(Brief descriptive captions)
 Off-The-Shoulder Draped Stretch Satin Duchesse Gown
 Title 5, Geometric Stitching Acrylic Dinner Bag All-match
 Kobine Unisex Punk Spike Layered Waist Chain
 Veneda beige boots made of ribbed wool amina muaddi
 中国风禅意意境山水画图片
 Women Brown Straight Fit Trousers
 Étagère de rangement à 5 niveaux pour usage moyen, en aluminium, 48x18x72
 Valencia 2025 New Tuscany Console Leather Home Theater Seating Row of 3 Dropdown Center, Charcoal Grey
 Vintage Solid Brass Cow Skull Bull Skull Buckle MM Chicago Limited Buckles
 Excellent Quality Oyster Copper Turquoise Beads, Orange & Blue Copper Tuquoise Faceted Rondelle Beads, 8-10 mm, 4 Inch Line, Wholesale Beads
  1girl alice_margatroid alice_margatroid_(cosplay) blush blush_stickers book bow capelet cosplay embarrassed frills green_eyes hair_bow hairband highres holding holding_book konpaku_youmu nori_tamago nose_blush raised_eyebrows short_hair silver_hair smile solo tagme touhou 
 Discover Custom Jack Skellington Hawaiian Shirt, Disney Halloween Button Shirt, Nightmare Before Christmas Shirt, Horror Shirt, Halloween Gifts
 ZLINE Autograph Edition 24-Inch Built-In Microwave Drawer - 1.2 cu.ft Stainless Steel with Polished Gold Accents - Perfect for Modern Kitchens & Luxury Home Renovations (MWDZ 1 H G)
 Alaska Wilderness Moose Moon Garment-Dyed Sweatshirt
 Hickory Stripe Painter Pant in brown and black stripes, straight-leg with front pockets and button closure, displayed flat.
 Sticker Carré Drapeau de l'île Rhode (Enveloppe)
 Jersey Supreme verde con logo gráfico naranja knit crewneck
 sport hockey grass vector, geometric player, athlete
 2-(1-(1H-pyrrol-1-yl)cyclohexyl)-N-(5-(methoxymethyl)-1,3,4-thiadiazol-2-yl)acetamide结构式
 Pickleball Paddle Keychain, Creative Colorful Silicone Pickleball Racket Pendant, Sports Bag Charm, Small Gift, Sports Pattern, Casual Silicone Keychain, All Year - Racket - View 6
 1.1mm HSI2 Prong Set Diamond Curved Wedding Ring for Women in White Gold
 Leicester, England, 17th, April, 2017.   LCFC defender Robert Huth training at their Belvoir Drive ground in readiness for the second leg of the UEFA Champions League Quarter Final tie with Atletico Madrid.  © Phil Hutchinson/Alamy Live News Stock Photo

**Try it**
Precisely reproduce the lines of the entries, beginning at the first and ending at the one containing "1.1mm HSI2 Prong". Add nothing.

**Task answer**
 Off-The-Shoulder Draped Stretch Satin Duchesse Gown
 Title 5, Geometric Stitching Acrylic Dinner Bag All-match
 Kobine Unisex Punk Spike Layered Waist Chain
 Veneda beige boots made of ribbed wool amina muaddi
 中国风禅意意境山水画图片
 Women Brown Straight Fit Trousers
 Étagère de rangement à 5 niveaux pour usage moyen, en aluminium, 48x18x72
 Valencia 2025 New Tuscany Console Leather Home Theater Seating Row of 3 Dropdown Center, Charcoal Grey
 Vintage Solid Brass Cow Skull Bull Skull Buckle MM Chicago Limited Buckles
 Excellent Quality Oyster Copper Turquoise Beads, Orange & Blue Copper Tuquoise Faceted Rondelle Beads, 8-10 mm, 4 Inch Line, Wholesale Beads
  1girl alice_margatroid alice_margatroid_(cosplay) blush blush_stickers book bow capelet cosplay embarrassed frills green_eyes hair_bow hairband highres holding holding_book konpaku_youmu nori_tamago nose_blush raised_eyebrows short_hair silver_hair smile solo tagme touhou 
 Discover Custom Jack Skellington Hawaiian Shirt, Disney Halloween Button Shirt, Nightmare Before Christmas Shirt, Horror Shirt, Halloween Gifts
 ZLINE Autograph Edition 24-Inch Built-In Microwave Drawer - 1.2 cu.ft Stainless Steel with Polished Gold Accents - Perfect for Modern Kitchens & Luxury Home Renovations (MWDZ 1 H G)
 Alaska Wilderness Moose Moon Garment-Dyed Sweatshirt
 Hickory Stripe Painter Pant in brown and black stripes, straight-leg with front pockets and button closure, displayed flat.
 Sticker Carré Drapeau de l'île Rhode (Enveloppe)
 Jersey Supreme verde con logo gráfico naranja knit crewneck
 sport hockey grass vector, geometric player, athlete
 2-(1-(1H-pyrrol-1-yl)cyclohexyl)-N-(5-(methoxymethyl)-1,3,4-thiadiazol-2-yl)acetamide结构式
 Pickleball Paddle Keychain, Creative Colorful Silicone Pickleball Racket Pendant, Sports Bag Charm, Small Gift, Sports Pattern, Casual Silicone Keychain, All Year - Racket - View 6
 1.1mm HSI2 Prong Set Diamond Curved Wedding Ring for Women in White Gold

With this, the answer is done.